How do you solve the system $ - 6x + 6y = 6$ and $ - 6x + 3y = - 12\,$?

Answer 1

Hint: Let us solve the system of equations by using elimination method.
There are three ways to solve systems of linear equations in two variables: graphing, substitution and elimination method.
In this system of equations multiplication is not necessary to eliminate a variable.
In the elimination method, you either add or subtract the equations to get an equation in one variable.
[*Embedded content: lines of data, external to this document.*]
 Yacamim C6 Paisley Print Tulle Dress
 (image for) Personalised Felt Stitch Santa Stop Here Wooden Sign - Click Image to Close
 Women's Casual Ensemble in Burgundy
When the coefficients of one variable are opposites you add the equations to eliminate a variable and when the coefficients of one variable are equal you subtract the equations to eliminate a variable.
The elimination method for solving systems of linear equations uses the additional property of equality.
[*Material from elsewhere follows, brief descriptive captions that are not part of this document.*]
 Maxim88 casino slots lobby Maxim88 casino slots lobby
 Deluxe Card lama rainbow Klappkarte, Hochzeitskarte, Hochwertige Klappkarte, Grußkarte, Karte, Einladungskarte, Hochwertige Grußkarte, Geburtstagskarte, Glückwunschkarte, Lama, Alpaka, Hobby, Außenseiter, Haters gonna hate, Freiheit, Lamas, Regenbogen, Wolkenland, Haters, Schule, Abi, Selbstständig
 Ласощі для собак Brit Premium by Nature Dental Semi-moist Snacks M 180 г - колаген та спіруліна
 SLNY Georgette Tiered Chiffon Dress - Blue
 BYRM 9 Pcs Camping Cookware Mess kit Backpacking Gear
Complete step-by-step solution:
First mark the given two equations as $\left( 1 \right)$ and $\left( 2 \right)$ .
The given equations are
$ - 6x + 6y = 6$ …. $\left( 1 \right)$
$ - 6x + 3y = - 12\,$ ….. $\left( 2 \right)$
 Solve one of the equations for one of the variables. Let’s solve the first equation for y.
Note that the coefficients of $x$ in both equations are numerically equal.
So, we can eliminate $x$ easily in the system of equations.
Now, adding the two equations we obtain an equation,
\[\begin{array}{*{20}{c}}
  { - 6x + 6y = 6} \\
  { - 6x + 3y = - 12} \\
  { + {\text{ }} - {\text{ + }}} \\
  {\overline {{\text{ }}0 + 3y = 18} }
\end{array}\]
$3y = 18$
$y = \dfrac{{18}}{3}$
 That is, $y = 6$
Now, we substitute $y = 6$ in any one of the above equations to solve for x.
Substituting $y = 6$ in equation $\left( 1 \right)$
We obtain,
$ - 6x + 6\left( 6 \right) = 6$
$ - 6x + 36 = 6$
Shifting the constants to the right-hand side,
$ - 6x = 6 - 36$
$ - 6x = - 30$
Shifting the variable to the other side,
$ - x = \dfrac{{ - 30}}{6}$
$ - x = - 5$
$ \Rightarrow x = 5.$
Now, $\left( {5,6} \right)$ is a solution to the given system of equations.
Because the two given equations are true when $x = 5$ and $y = 6$ as from the given two equations.
Substitute $x = 5$ and $y = 6$ in equation $\left( 1 \right)$ and $\left( 2 \right)$ , we get,
$ - 6\left( 5 \right) + 6\left( 6 \right) = 6$
$ - 30 + 36 = 6$
And, $ - 6x + 3y = - 12\,$
$ - 6\left( 5 \right) + 3\left( 6 \right) = - 12$
$ - 30 + 18 = - 12\,$

Note: We can also solve this system of equations by cross multiplication method.
The given system of equation can be written in the form as
$ - 6x + 6y - 6 = 0$
$ - 6x + 3y + 12 = 0$
For the cross-multiplication method, we write the coefficient as
$\begin{array}{*{20}{c}}
  {}&x&{}&y&{}&1&{} \\
  6&{}&{ - 6}&{}&{ - 6}&{}&6 \\
  3&{}&{12}&{}&{ - 6}&{}&3
\end{array}$
Hence, we get,
$\dfrac{x}{{\left( 6 \right)\left( {12} \right) - \left( 3 \right)\left( { - 6} \right)}} = \dfrac{y}{{\left( { - 6} \right)\left( { - 6} \right) - \left( {12} \right)\left( { - 6} \right)}} = \dfrac{1}{{\left( { - 6} \right)\left( 3 \right) - \left( { - 6} \right)\left( 6 \right)}}$
$\dfrac{x}{{72 + 18}} = \dfrac{y}{{36 + 72}} = \dfrac{1}{{ - 18 + 36}}$
$\dfrac{x}{{90}} = \dfrac{y}{{108}} = \dfrac{1}{{18}}$
$\dfrac{x}{{90}} = \dfrac{1}{{18}}$
$x = \dfrac{{90}}{{18}}$
$x = 5$
$\dfrac{y}{{108}} = \dfrac{1}{{18}}$
$y = \dfrac{{108}}{{18}}$
$y = 6$
Hence, the solution is
$\left( {5,6} \right)$